*** Opening DATA IN THIS EXERCISE ***

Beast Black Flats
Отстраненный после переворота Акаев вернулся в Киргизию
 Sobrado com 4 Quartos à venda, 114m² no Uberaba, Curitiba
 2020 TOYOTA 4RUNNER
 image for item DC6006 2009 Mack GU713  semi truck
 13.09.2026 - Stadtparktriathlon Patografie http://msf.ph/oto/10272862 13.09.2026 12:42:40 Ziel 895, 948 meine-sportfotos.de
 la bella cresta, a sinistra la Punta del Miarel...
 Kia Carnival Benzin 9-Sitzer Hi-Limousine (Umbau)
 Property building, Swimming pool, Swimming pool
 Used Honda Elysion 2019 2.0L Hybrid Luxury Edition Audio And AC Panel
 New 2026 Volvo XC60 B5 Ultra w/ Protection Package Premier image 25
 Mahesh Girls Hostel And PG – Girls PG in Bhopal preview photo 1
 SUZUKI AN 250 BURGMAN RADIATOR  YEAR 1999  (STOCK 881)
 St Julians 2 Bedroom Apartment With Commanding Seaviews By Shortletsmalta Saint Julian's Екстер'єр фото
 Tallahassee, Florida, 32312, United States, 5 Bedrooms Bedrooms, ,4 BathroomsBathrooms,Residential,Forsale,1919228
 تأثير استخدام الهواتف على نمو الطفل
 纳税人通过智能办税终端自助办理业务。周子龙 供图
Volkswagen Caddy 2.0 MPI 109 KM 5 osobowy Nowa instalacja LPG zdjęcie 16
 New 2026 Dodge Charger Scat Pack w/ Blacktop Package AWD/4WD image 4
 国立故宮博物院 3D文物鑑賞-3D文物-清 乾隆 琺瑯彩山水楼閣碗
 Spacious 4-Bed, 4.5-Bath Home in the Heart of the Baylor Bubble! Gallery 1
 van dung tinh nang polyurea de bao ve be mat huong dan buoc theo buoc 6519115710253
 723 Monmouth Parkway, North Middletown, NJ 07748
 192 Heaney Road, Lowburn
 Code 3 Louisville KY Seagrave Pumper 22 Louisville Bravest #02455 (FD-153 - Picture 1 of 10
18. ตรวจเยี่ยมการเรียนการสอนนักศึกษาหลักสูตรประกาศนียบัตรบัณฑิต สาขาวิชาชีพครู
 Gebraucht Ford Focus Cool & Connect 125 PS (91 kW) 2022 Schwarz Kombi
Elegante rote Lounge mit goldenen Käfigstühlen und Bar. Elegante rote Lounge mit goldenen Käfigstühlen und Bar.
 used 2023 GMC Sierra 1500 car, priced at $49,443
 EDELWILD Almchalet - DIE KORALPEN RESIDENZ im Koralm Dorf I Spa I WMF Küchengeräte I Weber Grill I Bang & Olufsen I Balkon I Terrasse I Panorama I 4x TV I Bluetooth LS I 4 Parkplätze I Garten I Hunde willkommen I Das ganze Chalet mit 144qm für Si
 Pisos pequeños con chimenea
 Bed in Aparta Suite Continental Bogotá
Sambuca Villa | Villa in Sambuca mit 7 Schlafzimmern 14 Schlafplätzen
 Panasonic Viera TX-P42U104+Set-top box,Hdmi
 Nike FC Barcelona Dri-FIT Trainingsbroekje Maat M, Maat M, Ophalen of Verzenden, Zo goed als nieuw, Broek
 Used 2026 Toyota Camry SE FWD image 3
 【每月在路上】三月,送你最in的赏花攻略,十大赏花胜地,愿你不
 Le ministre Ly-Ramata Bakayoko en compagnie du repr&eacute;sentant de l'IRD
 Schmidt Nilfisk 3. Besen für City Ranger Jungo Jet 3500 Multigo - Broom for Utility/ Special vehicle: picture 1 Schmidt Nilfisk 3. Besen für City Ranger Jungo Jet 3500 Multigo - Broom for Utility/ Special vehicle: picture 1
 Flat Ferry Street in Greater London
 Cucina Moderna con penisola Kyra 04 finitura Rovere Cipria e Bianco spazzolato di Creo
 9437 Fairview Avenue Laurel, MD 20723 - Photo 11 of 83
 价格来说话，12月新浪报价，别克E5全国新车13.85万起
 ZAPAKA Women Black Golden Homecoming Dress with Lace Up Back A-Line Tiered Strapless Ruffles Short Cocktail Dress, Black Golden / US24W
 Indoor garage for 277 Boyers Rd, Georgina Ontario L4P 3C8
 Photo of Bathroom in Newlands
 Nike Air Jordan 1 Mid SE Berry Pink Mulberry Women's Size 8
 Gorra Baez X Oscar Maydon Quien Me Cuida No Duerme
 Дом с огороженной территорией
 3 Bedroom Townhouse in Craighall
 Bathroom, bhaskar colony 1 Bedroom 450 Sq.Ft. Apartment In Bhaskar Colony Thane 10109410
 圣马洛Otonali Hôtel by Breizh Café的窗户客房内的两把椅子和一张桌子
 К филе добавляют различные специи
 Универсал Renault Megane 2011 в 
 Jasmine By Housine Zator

*** Closing DATA IN THIS EXERCISE ***

### TASK GOAL
Give the data again, exactly as it appears above.

### PROBLEM SOLUTION
Beast Black Flats
Отстраненный после переворота Акаев вернулся в Киргизию
 Sobrado com 4 Quartos à venda, 114m² no Uberaba, Curitiba
 2020 TOYOTA 4RUNNER
 image for item DC6006 2009 Mack GU713  semi truck
 13.09.2026 - Stadtparktriathlon Patografie http://msf.ph/oto/10272862 13.09.2026 12:42:40 Ziel 895, 948 meine-sportfotos.de
 la bella cresta, a sinistra la Punta del Miarel...
 Kia Carnival Benzin 9-Sitzer Hi-Limousine (Umbau)
 Property building, Swimming pool, Swimming pool
 Used Honda Elysion 2019 2.0L Hybrid Luxury Edition Audio And AC Panel
 New 2026 Volvo XC60 B5 Ultra w/ Protection Package Premier image 25
 Mahesh Girls Hostel And PG – Girls PG in Bhopal preview photo 1
 SUZUKI AN 250 BURGMAN RADIATOR  YEAR 1999  (STOCK 881)
 St Julians 2 Bedroom Apartment With Commanding Seaviews By Shortletsmalta Saint Julian's Екстер'єр фото
 Tallahassee, Florida, 32312, United States, 5 Bedrooms Bedrooms, ,4 BathroomsBathrooms,Residential,Forsale,1919228
 تأثير استخدام الهواتف على نمو الطفل
 纳税人通过智能办税终端自助办理业务。周子龙 供图
Volkswagen Caddy 2.0 MPI 109 KM 5 osobowy Nowa instalacja LPG zdjęcie 16
 New 2026 Dodge Charger Scat Pack w/ Blacktop Package AWD/4WD image 4
 国立故宮博物院 3D文物鑑賞-3D文物-清 乾隆 琺瑯彩山水楼閣碗
 Spacious 4-Bed, 4.5-Bath Home in the Heart of the Baylor Bubble! Gallery 1
 van dung tinh nang polyurea de bao ve be mat huong dan buoc theo buoc 6519115710253
 723 Monmouth Parkway, North Middletown, NJ 07748
 192 Heaney Road, Lowburn
 Code 3 Louisville KY Seagrave Pumper 22 Louisville Bravest #02455 (FD-153 - Picture 1 of 10
18. ตรวจเยี่ยมการเรียนการสอนนักศึกษาหลักสูตรประกาศนียบัตรบัณฑิต สาขาวิชาชีพครู
 Gebraucht Ford Focus Cool & Connect 125 PS (91 kW) 2022 Schwarz Kombi
Elegante rote Lounge mit goldenen Käfigstühlen und Bar. Elegante rote Lounge mit goldenen Käfigstühlen und Bar.
 used 2023 GMC Sierra 1500 car, priced at $49,443
 EDELWILD Almchalet - DIE KORALPEN RESIDENZ im Koralm Dorf I Spa I WMF Küchengeräte I Weber Grill I Bang & Olufsen I Balkon I Terrasse I Panorama I 4x TV I Bluetooth LS I 4 Parkplätze I Garten I Hunde willkommen I Das ganze Chalet mit 144qm für Si
 Pisos pequeños con chimenea
 Bed in Aparta Suite Continental Bogotá
Sambuca Villa | Villa in Sambuca mit 7 Schlafzimmern 14 Schlafplätzen
 Panasonic Viera TX-P42U104+Set-top box,Hdmi
 Nike FC Barcelona Dri-FIT Trainingsbroekje Maat M, Maat M, Ophalen of Verzenden, Zo goed als nieuw, Broek
 Used 2026 Toyota Camry SE FWD image 3
 【每月在路上】三月,送你最in的赏花攻略,十大赏花胜地,愿你不
 Le ministre Ly-Ramata Bakayoko en compagnie du repr&eacute;sentant de l'IRD
 Schmidt Nilfisk 3. Besen für City Ranger Jungo Jet 3500 Multigo - Broom for Utility/ Special vehicle: picture 1 Schmidt Nilfisk 3. Besen für City Ranger Jungo Jet 3500 Multigo - Broom for Utility/ Special vehicle: picture 1
 Flat Ferry Street in Greater London
 Cucina Moderna con penisola Kyra 04 finitura Rovere Cipria e Bianco spazzolato di Creo
 9437 Fairview Avenue Laurel, MD 20723 - Photo 11 of 83
 价格来说话，12月新浪报价，别克E5全国新车13.85万起
 ZAPAKA Women Black Golden Homecoming Dress with Lace Up Back A-Line Tiered Strapless Ruffles Short Cocktail Dress, Black Golden / US24W
 Indoor garage for 277 Boyers Rd, Georgina Ontario L4P 3C8
 Photo of Bathroom in Newlands
 Nike Air Jordan 1 Mid SE Berry Pink Mulberry Women's Size 8
 Gorra Baez X Oscar Maydon Quien Me Cuida No Duerme
 Дом с огороженной территорией
 3 Bedroom Townhouse in Craighall
 Bathroom, bhaskar colony 1 Bedroom 450 Sq.Ft. Apartment In Bhaskar Colony Thane 10109410
 圣马洛Otonali Hôtel by Breizh Café的窗户客房内的两把椅子和一张桌子
 К филе добавляют различные специи
 Универсал Renault Megane 2011 в 
 Jasmine By Housine Zator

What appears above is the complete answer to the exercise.